Comment interpréter ces propos sur le cout du travail alors qu’en 2010, monsieur Varin avait quadruplé son salaire qui avait atteint le sommet de 3,25 millions d'euros ? Comment justifier un salaire de presque 200 fois le SMIC (hors avantages divers et primes !) avec de si mauvais résultats ? Comment demander à ses employer de partir lorsque lui, reste sans baisser fortement son salaire ?

Le gouvernement ne peut rien faire, mais comme c’est un gouvernement de gauche, il se doit de faire semblant, pourtant des indiscrétions indiquent que le gouvernement n’a pas l’intention (ni le pouvoir) de sauver Aulnay.

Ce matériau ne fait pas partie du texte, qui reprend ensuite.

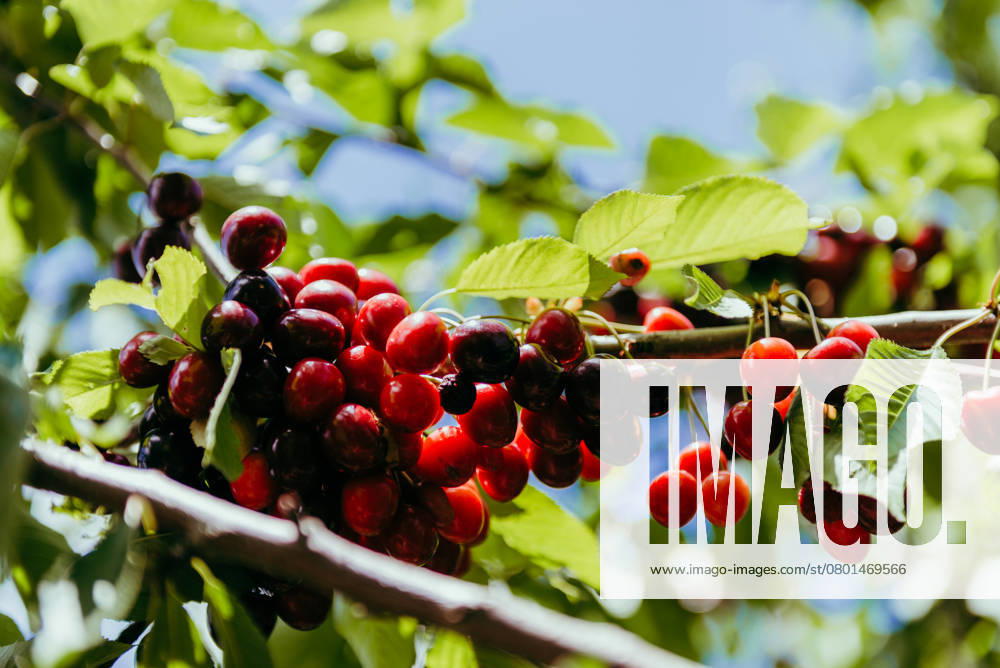 IMAGO Creative, Jahreszeit Sommer, Kirschen A bundle of ripe cherris on a tree Vienna, Vienna, Austria R_PVWL250210E-1645765-01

C’est ainsi qu’une étude sera menée pendant quinze jours (sic !) par un expert mandaté par l'État…

Peut-on encore produire de petits modèles en France ?

Mais considérons maintenant un contrexemple de taille : Toyota investit 8 millions d’euros dans son usine de Valencienne en juin 2012. Pire, il sera produit des Yaris pour le marché américain. La raison : le cout de l’électricité au Japon, la fiscalité lourde et le cout du travail trop important dans son pays et un taux de change avantageux et stable. L’usine de 4200 personnes produit plus de 1000 véhicules par jour dont 90 % sont exportés. Cet exemple contredit de nombreux commentaires que nous lisons un peu partout : Le cout du travail n’est pas si élevé que cela en France. Il est avantageux de produire en France et d’exporter aux États-Unis. Il est possible de produire de petits véhicules de manière rentable en France. Enfin, la fiscalité française des entreprises n’est pas si lourde. Une question se pose : si Toyota réussit et y trouve son intérêt, pourquoi n’y arrivons-nous pas ? La réponse est surement complexe et passe par un défaut de management, de stratégie et par une gourmandise des actionnaires de PSA et Renault.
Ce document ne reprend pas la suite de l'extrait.